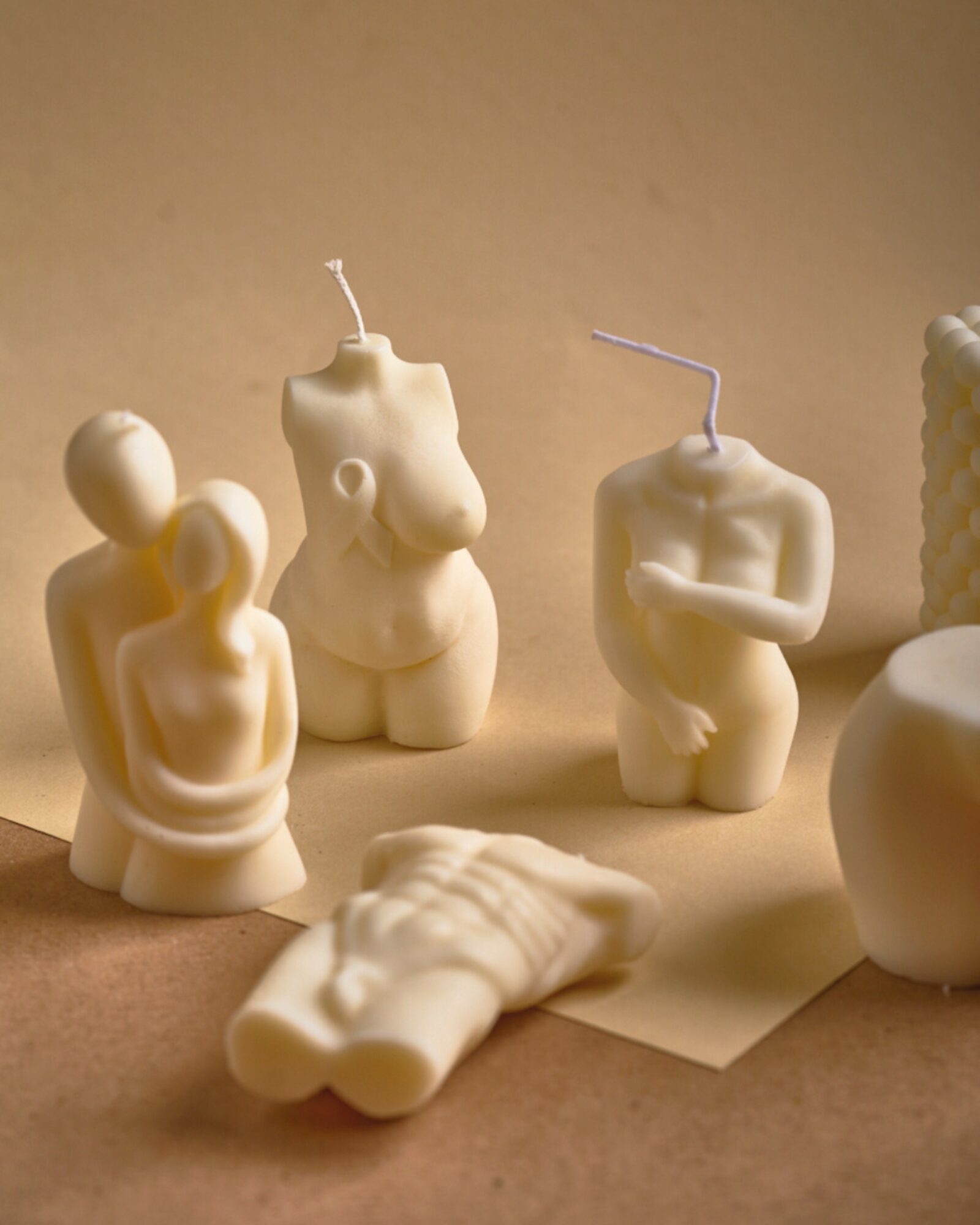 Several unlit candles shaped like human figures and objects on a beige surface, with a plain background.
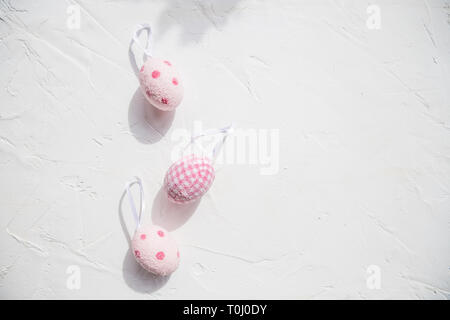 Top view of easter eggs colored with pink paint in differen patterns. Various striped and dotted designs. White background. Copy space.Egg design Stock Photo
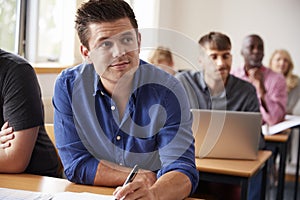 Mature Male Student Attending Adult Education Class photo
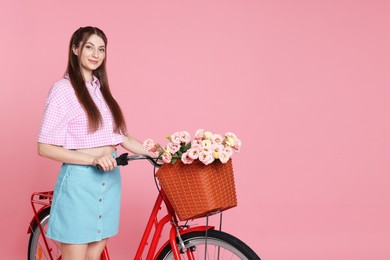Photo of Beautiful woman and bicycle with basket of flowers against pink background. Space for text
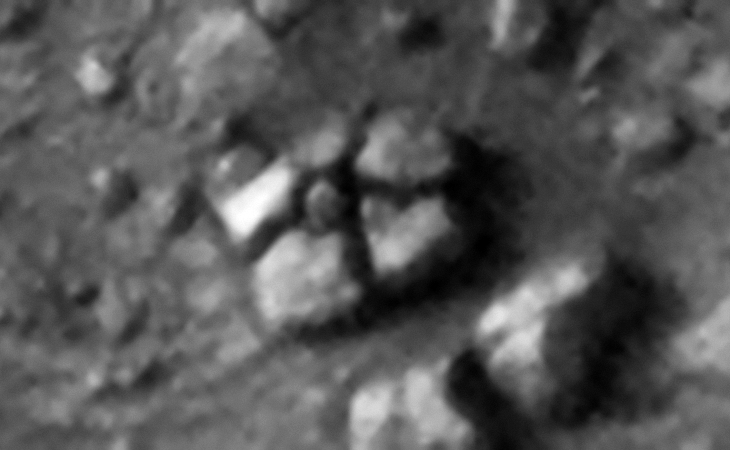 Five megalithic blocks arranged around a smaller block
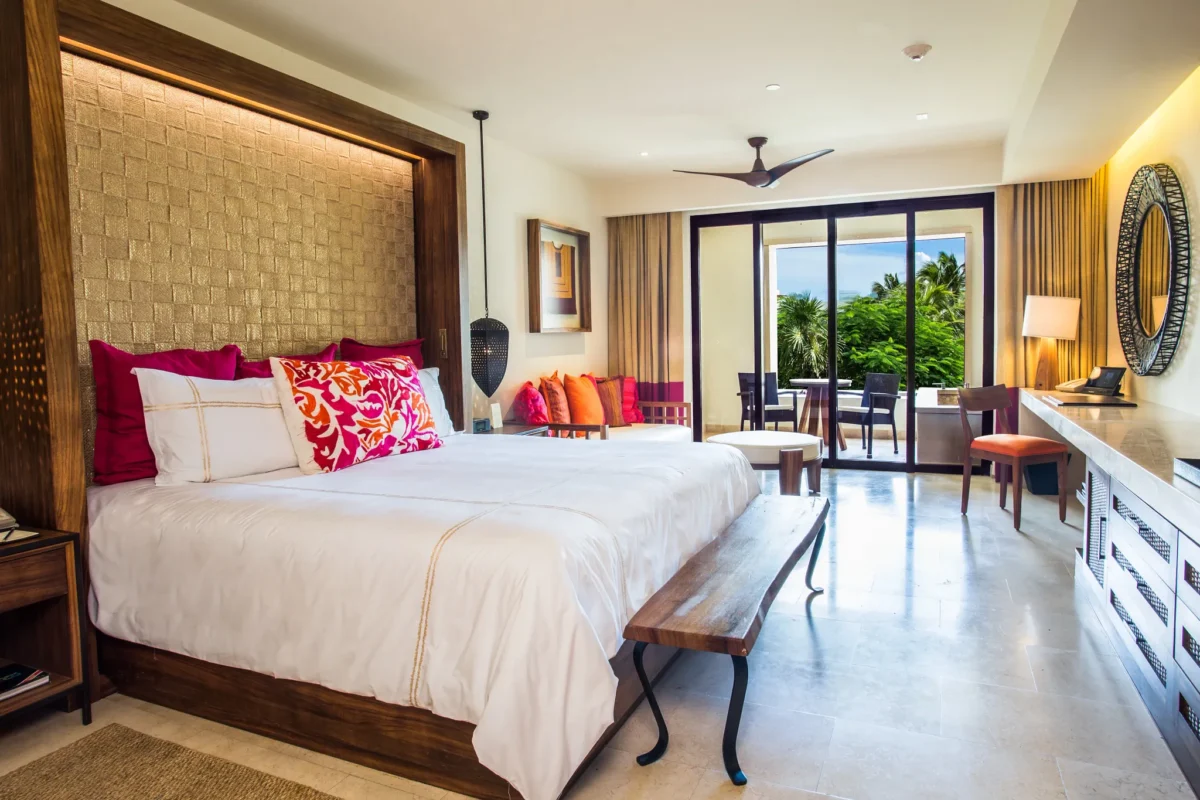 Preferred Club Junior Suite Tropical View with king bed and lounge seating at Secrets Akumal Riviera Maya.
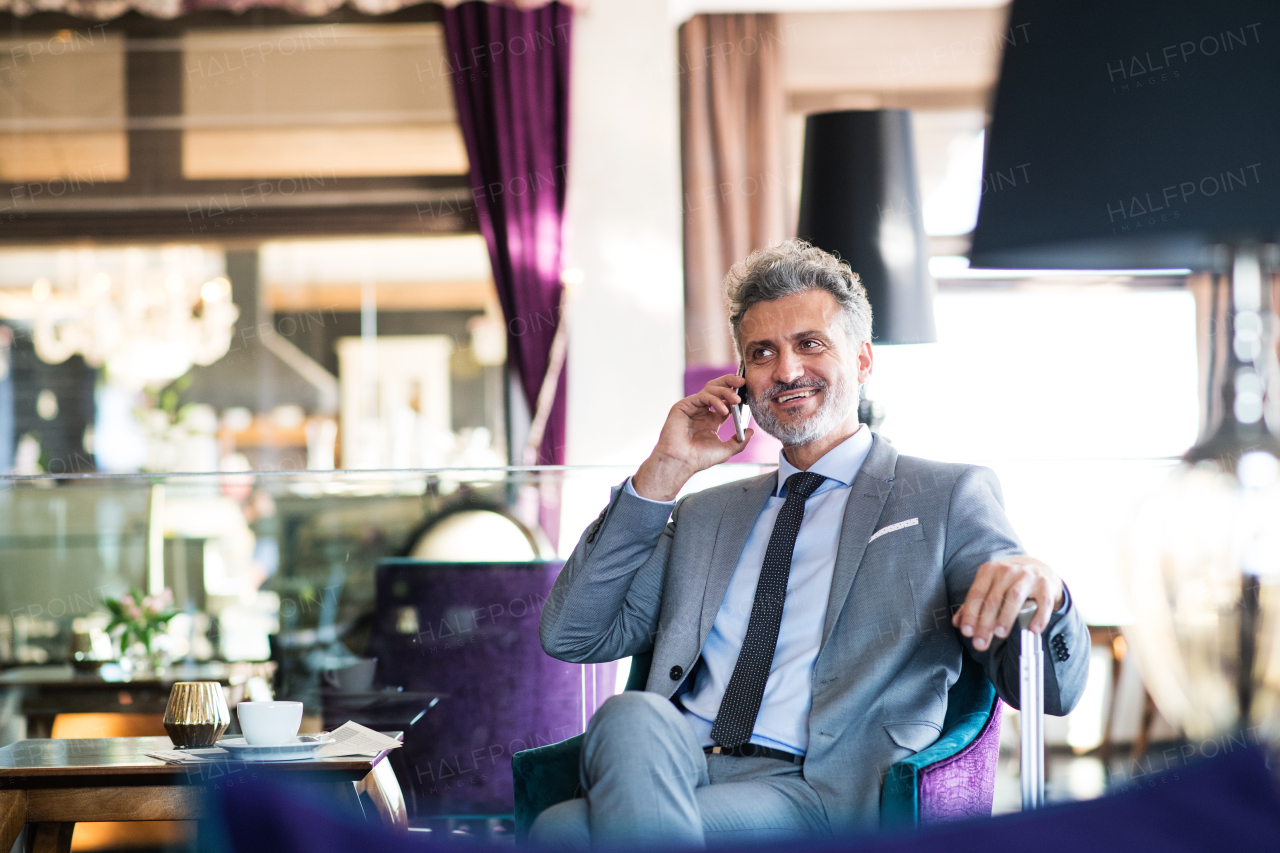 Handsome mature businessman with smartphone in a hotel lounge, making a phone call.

+++

■ Exercise goal ■
Please give again only the lines from the one containing "Photo of Beautiful" through the last line of the entries above, exactly as they stand and without pictures.

■ Output for this exercise ■
Photo of Beautiful woman and bicycle with basket of flowers against pink background. Space for text
 Five megalithic blocks arranged around a smaller block
 Preferred Club Junior Suite Tropical View with king bed and lounge seating at Secrets Akumal Riviera Maya.
 Handsome mature businessman with smartphone in a hotel lounge, making a phone call.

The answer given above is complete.